Records provided »

----------

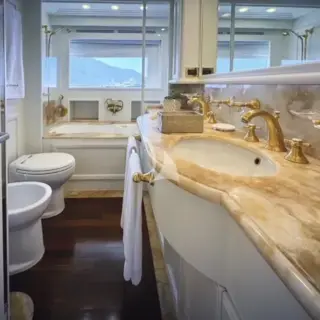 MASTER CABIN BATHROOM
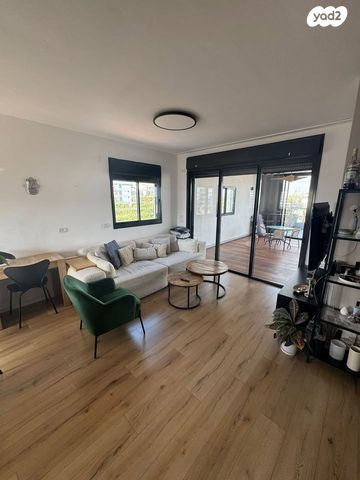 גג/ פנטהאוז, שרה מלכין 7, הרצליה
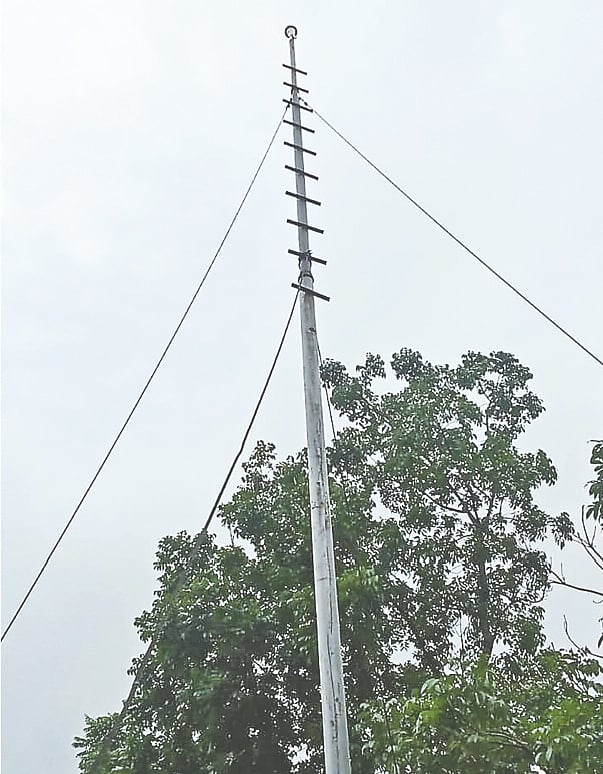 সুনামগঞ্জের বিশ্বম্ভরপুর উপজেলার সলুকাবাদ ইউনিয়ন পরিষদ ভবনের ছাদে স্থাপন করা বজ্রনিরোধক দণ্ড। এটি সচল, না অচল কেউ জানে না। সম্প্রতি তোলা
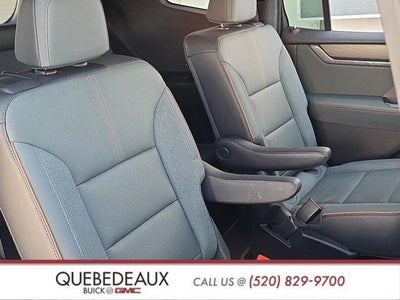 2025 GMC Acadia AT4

----------

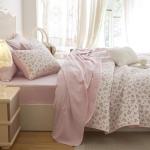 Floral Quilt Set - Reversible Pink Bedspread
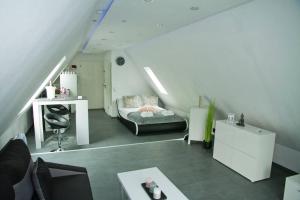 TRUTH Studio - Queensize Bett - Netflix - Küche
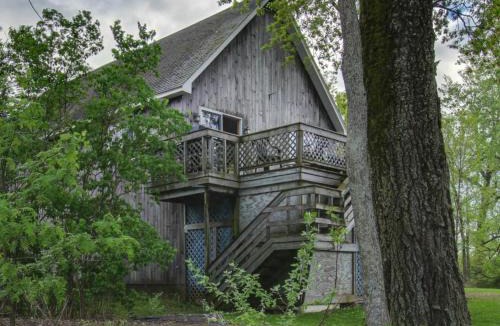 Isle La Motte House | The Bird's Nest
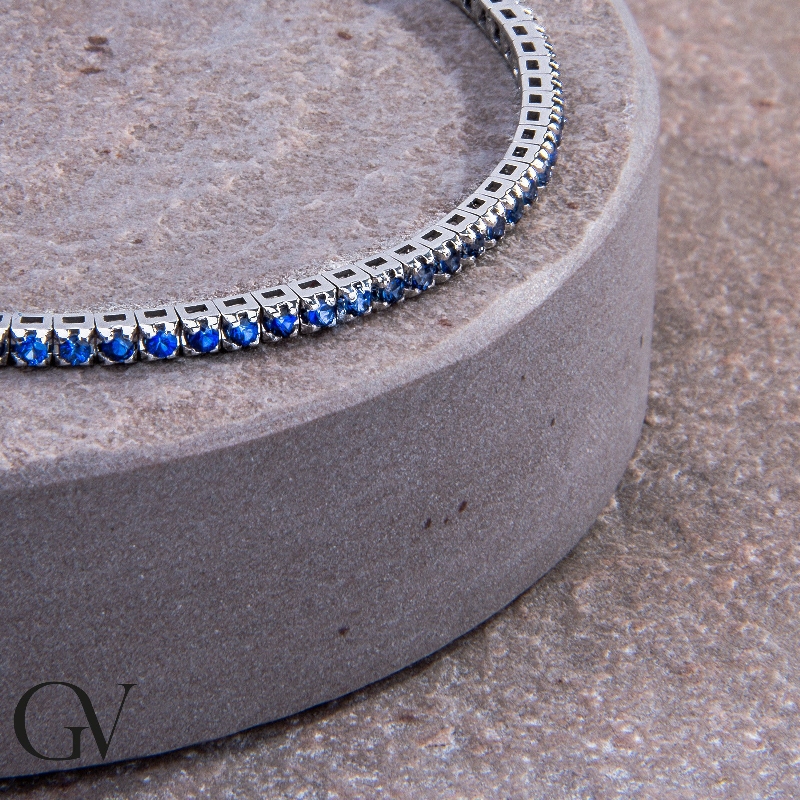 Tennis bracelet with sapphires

----------

Exercise brief » When copying from the data above, begin at the line containing "Floral Quilt Set - Reversible Pink Bedspread" and end at the line containing "Tennis bracelet with sapphires"; return those lines exactly and leave all pictures behind.

Answer area »
 Floral Quilt Set - Reversible Pink Bedspread
 TRUTH Studio - Queensize Bett - Netflix - Küche
 Isle La Motte House | The Bird's Nest
 Tennis bracelet with sapphires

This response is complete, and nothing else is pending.